Sweetgreen grew revenues 29% in the third quarter, but the company also grew its net loss to $47.4 million, compared with a loss of $30.1 million a year ago. That was partly a result of impairment charges resulting from a 5% reduction in staff at the company’s support center.
Average unit volumes grew during the quarter to $2.9 million, compared with $2.5 million a year ago, and Jammet said the company has plans next year to continue improving its loyalty program, for example, and broadening the menu with the addition of more proteins, new beverage options and desserts.

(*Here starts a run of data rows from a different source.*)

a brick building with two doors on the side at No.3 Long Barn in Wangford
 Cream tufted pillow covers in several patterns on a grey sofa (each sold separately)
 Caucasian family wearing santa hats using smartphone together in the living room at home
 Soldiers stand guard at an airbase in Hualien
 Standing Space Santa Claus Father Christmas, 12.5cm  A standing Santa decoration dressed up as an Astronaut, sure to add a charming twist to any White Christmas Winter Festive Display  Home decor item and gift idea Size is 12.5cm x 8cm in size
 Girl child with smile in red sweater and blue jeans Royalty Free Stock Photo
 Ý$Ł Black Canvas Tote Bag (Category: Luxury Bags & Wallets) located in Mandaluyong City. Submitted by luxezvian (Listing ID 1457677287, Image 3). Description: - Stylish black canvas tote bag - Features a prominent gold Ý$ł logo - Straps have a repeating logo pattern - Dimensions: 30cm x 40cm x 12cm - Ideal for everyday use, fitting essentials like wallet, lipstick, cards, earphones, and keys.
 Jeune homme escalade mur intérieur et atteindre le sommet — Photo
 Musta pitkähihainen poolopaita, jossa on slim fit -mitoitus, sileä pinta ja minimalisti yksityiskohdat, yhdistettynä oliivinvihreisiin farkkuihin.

But what started as a more urban brand is now about half urban and half suburban, and Jammet said Sweetgreen has gone into more new markets in the past year than ever before, including cities in the Midwest, Minneapolis, Indianapolis and Detroit. Next week a unit is opening in Tampa, Fla., which he said would unlock the path to Atlanta.
The company hasn’t given guidance on units to open in 2023, but Jammet said there are 43 leases signed currently for new Sweetgreens. In the past few months, Sweetgreen has unveiled a unit designed for digital-pickup only in the Washington, D.C. area, as well as the first drive-thru “Sweetlanes” unit outside Chicago.
So far, the new units are opening “really strong,” he said. “And so really exciting to be able to introduce the brand in all of these different neighborhoods and cities and communities that honestly 15 years ago, we probably thought we couldn’t open in. So it’s really exciting to see the brand resonate in so many different places with so many different types of consumers.”
Among those new units coming in 2023 are two restaurants with automated makelines using the Spyce technology acquired in 2021. Developed by four MIT engineers, Spyce was essentially technology that was designed to work with Sweetgreen’s menu, Jammet said.
“We acquired them last year because they basically created an automated assembly version of Sweetgreen,” he said. “They modeled their technology very much after our menu.”
Spyce had two restaurants open for a year under that brand name. But when Sweetgreen bought it, they put the menu into the automated restaurants as a popup, he said.
Since then, however, the company has built a live lab to fine tune execution and the customer experience. Though Jammet declined to reveal how the units are expected to perform, he said the technology automates the majority of assembly, which means fewer team members on the front line.
The technology is also expected to improve the team member experience, order accuracy, turnover, perfect portioning, product consistency and quality.
“So it’s really exciting to see the ultimate format come to life, where it will be a better customer experience, a better team member experience and ultimately a better P&L,” he said.